The mechanism behind why this all happened is the part of her work that nobody quotes.
Gebru's argument was not that AI is dangerous in some abstract sci-fi sense. Her argument was that AI is dangerous in a very specific structural sense. The technology was being built by a small group of researchers who shared similar backgrounds, worked at similar companies, and were rewarded for shipping products faster than competitors. The incentive structure made it impossible for safety, ethics, and bias concerns to slow anything down. Anyone inside the system who raised those concerns was either ignored, sidelined, or removed.
She was making that argument from inside Google.
Then Google proved her right by removing her.
The team Google had built to make sure their AI was safe was dismantled in 90 days because they did the job they had been hired to do.
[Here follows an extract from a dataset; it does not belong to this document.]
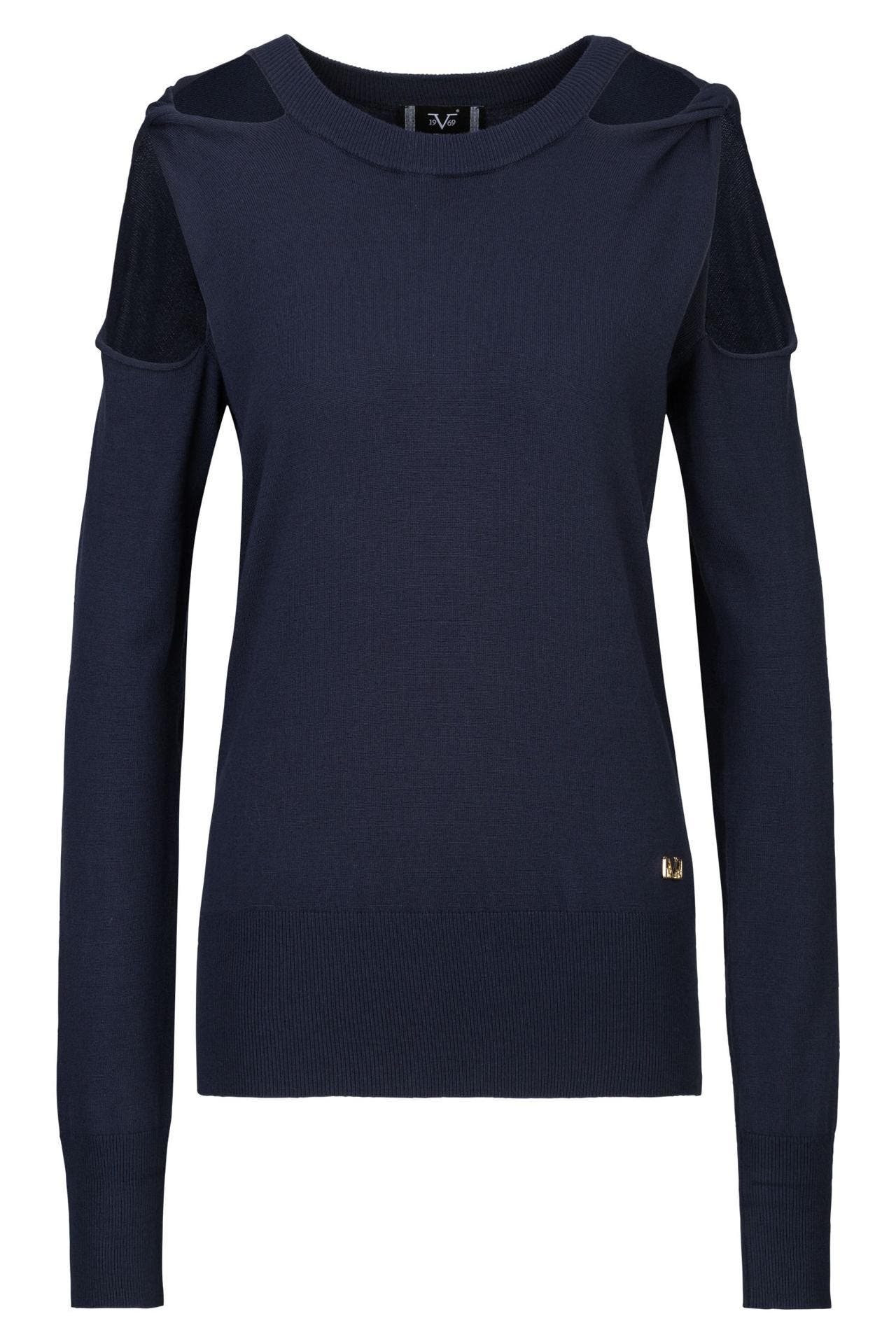 19V69-ITALIA Pullover Aloisa Navy, Bild 1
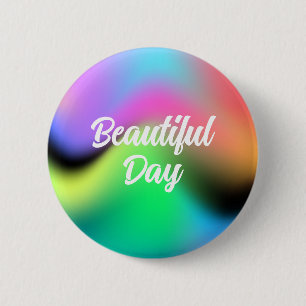 Badge Rond 5 Cm Bouton rond coloré personnalisable Gradient fluide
Margaret Mitchell, the other co-lead of the Ethical AI team, was fired two months after Gebru for searching through her own emails for evidence of how Gebru had been treated.
Gebru did not stop. She founded DAIR, the Distributed AI Research Institute, in 2021. The mission is to do AI research outside the control of the companies that have a financial interest in not hearing the answers.
Every prediction in the Stochastic Parrots paper has now been validated by deployment. Hallucinations are an industry-wide problem the largest labs cannot solve. Bias amplification has been documented in hiring, healthcare, lending, and criminal justice. Environmental costs are larger than entire small countries. Training data audits remain impossible. Model collapse is an active research crisis at every major lab.
The question worth sitting with is the one almost no one in the industry will say out loud.
Every researcher with the technical credibility to call out these problems watched what happened to her in December 2020 and made a calculation about their own career. The number of people willing to speak publicly about safety and ethics issues inside the major AI labs collapsed after that firing and has not recovered.
The researcher Google fired for warning about exactly what is now happening was right.
The company that fired her is now the second-largest deployer of the technology she warned about.
And the people inside that company who agree with her are not allowed to say so.